-- Your assignment --
Copy verbatim the block of lines in the entries below whose first line contains "Plus Size Empire" and whose last line contains "Facet metallic stone round stretch ring". Leave out all other lines.

-- Extracted material --
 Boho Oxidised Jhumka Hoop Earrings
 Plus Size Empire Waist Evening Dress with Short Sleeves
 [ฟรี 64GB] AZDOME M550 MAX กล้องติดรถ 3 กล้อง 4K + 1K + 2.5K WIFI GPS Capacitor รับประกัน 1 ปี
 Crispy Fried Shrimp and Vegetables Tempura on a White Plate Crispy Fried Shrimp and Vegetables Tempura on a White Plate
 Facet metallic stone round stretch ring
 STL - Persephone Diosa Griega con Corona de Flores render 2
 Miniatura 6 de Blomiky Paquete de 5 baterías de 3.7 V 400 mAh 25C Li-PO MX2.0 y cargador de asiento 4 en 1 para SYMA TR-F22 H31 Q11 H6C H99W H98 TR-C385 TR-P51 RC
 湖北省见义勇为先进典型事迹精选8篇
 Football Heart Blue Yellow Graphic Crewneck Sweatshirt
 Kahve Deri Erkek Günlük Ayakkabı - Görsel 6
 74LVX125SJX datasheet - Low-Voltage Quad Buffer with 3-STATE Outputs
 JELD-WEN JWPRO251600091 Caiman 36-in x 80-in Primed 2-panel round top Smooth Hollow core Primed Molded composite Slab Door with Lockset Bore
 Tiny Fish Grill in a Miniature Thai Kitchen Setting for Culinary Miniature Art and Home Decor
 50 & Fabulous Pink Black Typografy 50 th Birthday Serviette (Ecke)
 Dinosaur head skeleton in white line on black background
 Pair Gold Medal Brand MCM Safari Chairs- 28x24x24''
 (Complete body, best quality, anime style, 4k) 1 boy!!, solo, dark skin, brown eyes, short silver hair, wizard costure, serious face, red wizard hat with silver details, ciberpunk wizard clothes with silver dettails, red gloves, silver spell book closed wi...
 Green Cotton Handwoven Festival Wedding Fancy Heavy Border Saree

-- Task output --
 Plus Size Empire Waist Evening Dress with Short Sleeves
 [ฟรี 64GB] AZDOME M550 MAX กล้องติดรถ 3 กล้อง 4K + 1K + 2.5K WIFI GPS Capacitor รับประกัน 1 ปี
 Crispy Fried Shrimp and Vegetables Tempura on a White Plate Crispy Fried Shrimp and Vegetables Tempura on a White Plate
 Facet metallic stone round stretch ring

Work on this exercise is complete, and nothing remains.